---- Records for the exercise

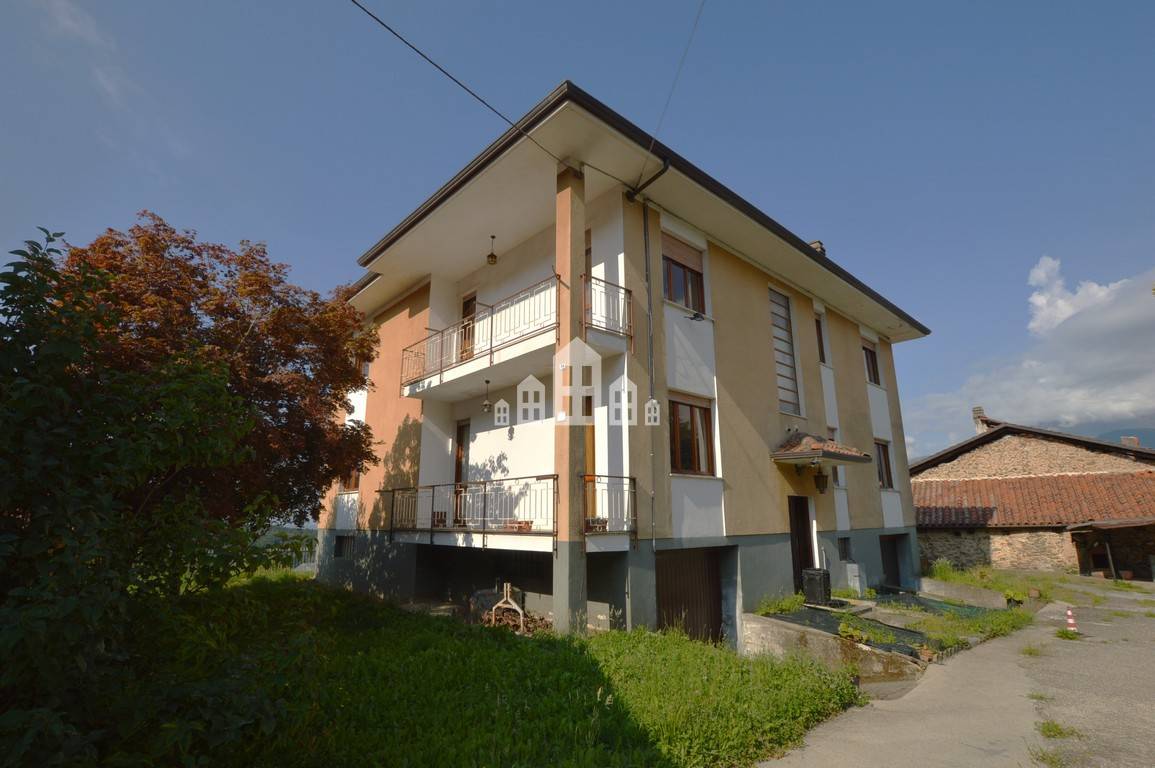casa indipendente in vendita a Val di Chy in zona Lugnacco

--------
---- Records for the exercise

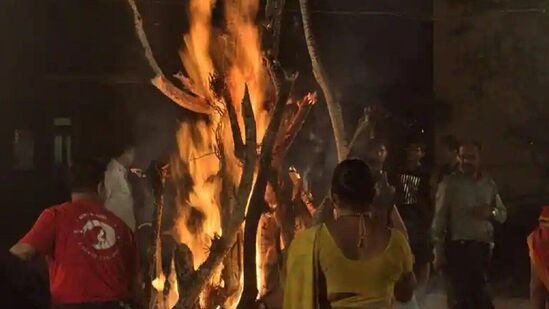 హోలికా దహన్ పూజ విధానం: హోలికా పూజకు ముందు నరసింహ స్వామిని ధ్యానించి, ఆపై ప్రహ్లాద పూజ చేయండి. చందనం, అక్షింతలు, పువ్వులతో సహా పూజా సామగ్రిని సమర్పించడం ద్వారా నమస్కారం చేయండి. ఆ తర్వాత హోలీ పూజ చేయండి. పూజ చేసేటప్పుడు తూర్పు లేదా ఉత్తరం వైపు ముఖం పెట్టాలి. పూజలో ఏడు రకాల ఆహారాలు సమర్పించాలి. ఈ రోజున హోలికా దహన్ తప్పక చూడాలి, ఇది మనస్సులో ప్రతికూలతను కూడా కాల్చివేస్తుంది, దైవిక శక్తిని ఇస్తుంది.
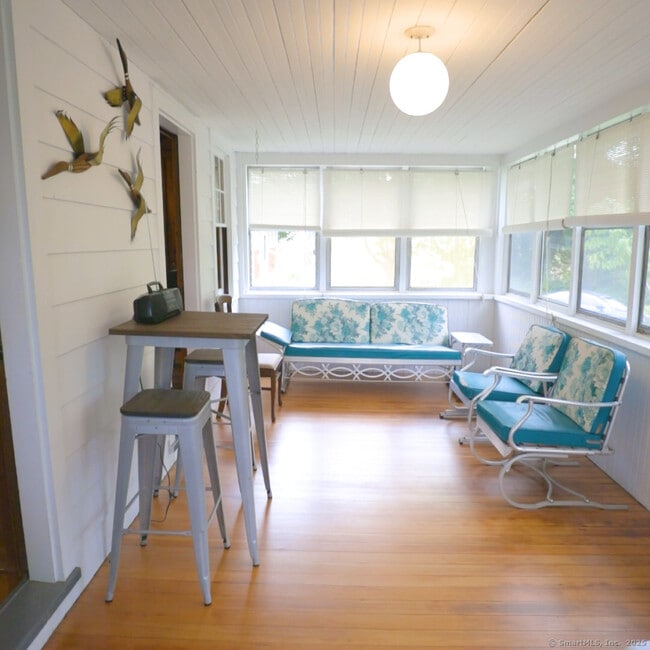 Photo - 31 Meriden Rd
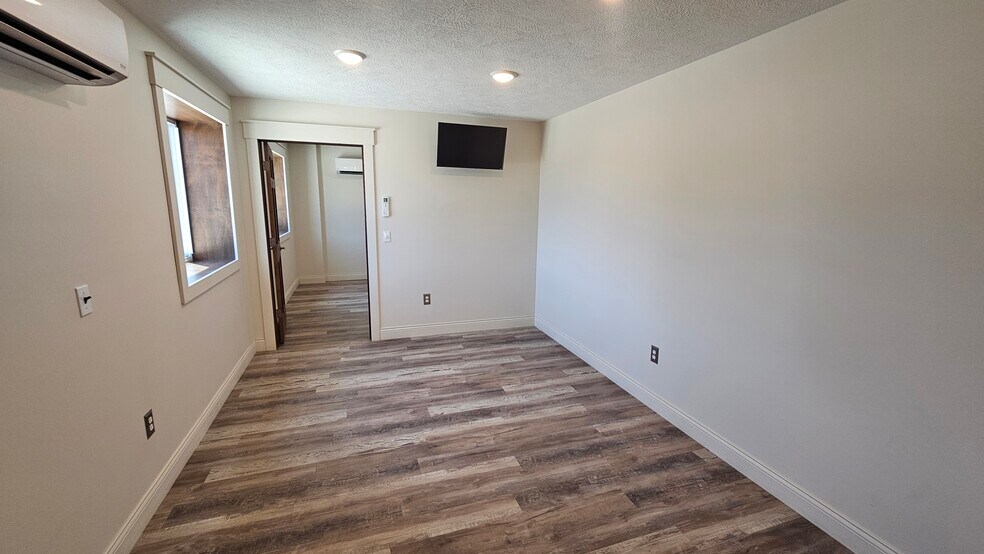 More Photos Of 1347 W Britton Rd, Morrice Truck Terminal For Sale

--------

● Your goal: Write out again exactly the lines above from the one with "హోలికా దహన్ పూజ" through the one with "Photo - 31 Meriden Rd", adding no other lines and no pictures.

● Answer space:
 హోలికా దహన్ పూజ విధానం: హోలికా పూజకు ముందు నరసింహ స్వామిని ధ్యానించి, ఆపై ప్రహ్లాద పూజ చేయండి. చందనం, అక్షింతలు, పువ్వులతో సహా పూజా సామగ్రిని సమర్పించడం ద్వారా నమస్కారం చేయండి. ఆ తర్వాత హోలీ పూజ చేయండి. పూజ చేసేటప్పుడు తూర్పు లేదా ఉత్తరం వైపు ముఖం పెట్టాలి. పూజలో ఏడు రకాల ఆహారాలు సమర్పించాలి. ఈ రోజున హోలికా దహన్ తప్పక చూడాలి, ఇది మనస్సులో ప్రతికూలతను కూడా కాల్చివేస్తుంది, దైవిక శక్తిని ఇస్తుంది.
 Photo - 31 Meriden Rd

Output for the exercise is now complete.